As user demand for intent-based execution grows across domains like
swaps, bridging, and automation, more protocols emerge to support these
flows, and more solvers enter the market seeking efficient access to
capital. Flex Pools serve as a shared liquidity layer for this expanding
ecosystem – the more protocols integrate, the more demand for solver
liquidity rises – driving organic growth of the pools themselves as LPs
respond to yield opportunities linked to real liquidity demand.
Project Bootstrapping
Projects can deploy native Flex Pools to bootstrap cross-chain liquidity
for their tokens, enabling seamless use across networks and protocols.
These pools allow solvers to access project tokens for execution,
supporting permissionless trading and automated rebalancing.

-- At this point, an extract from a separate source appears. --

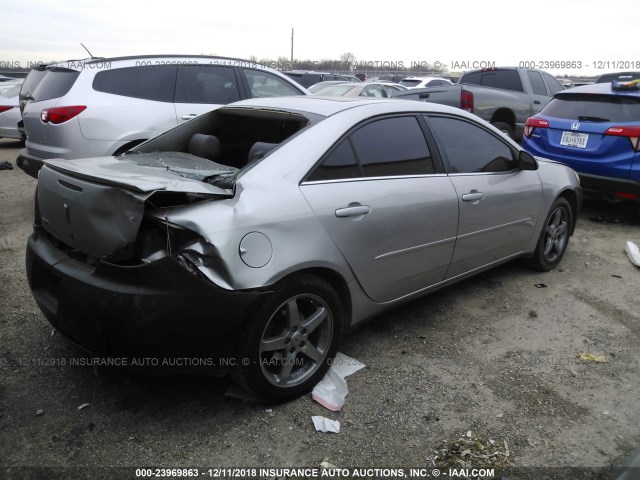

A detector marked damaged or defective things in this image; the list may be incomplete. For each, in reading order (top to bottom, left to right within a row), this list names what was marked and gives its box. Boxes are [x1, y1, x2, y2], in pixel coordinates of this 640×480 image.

shattered rear window glass [118, 153, 238, 181]
damaged silver car [26, 95, 580, 400]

Flex Pools supports major standards – including OFT (LayerZero),
NTT (Wormhole), Warp (Hyperlane), CCT (Chainlink), ITS (Axelar),
xERC20, and more – enabling compatibility with external DeFi and
bridge infrastructure.
This approach lets projects make their tokens natively available across
chains, enabling seamless access and flexible exchange for users –
without relying on centralized market makers or delayed bridging
solutions.
Partner Pools
Flex Pools can integrate with partner liquidity pools, which can offer
users the option to auto-deposit their yield-bearing tokens into
existing Flex Pools that support those assets, enabling additional yield
from solver activity.
This creates a win-win dynamic:
- Flex Pools attract liquidity from partner ecosystems
- Partners enhance yield returns for their LPs
- Providers earn dual yield with minimal setup
OpenIntents (ERC-7683) Support
Flex Pools are designed with forward compatibility for OpenIntents-based
protocols via an abstract IEventVerifier
that validates standardized
Open events emitted as part of the OpenIntents specification. This
design allows solvers to interact with Flex Pools across any
OpenIntents-compliant protocol through a unified interface –
simplifying integration, enabling shared liquidity access, and reducing
the cost of supporting new protocols.
Beyond EVM
Flex Pools are designed to operate on any network with a programmable
VM. While initial deployments focus on EVM-compatible chains, expansion
to high-performance environments like Solana is a priority.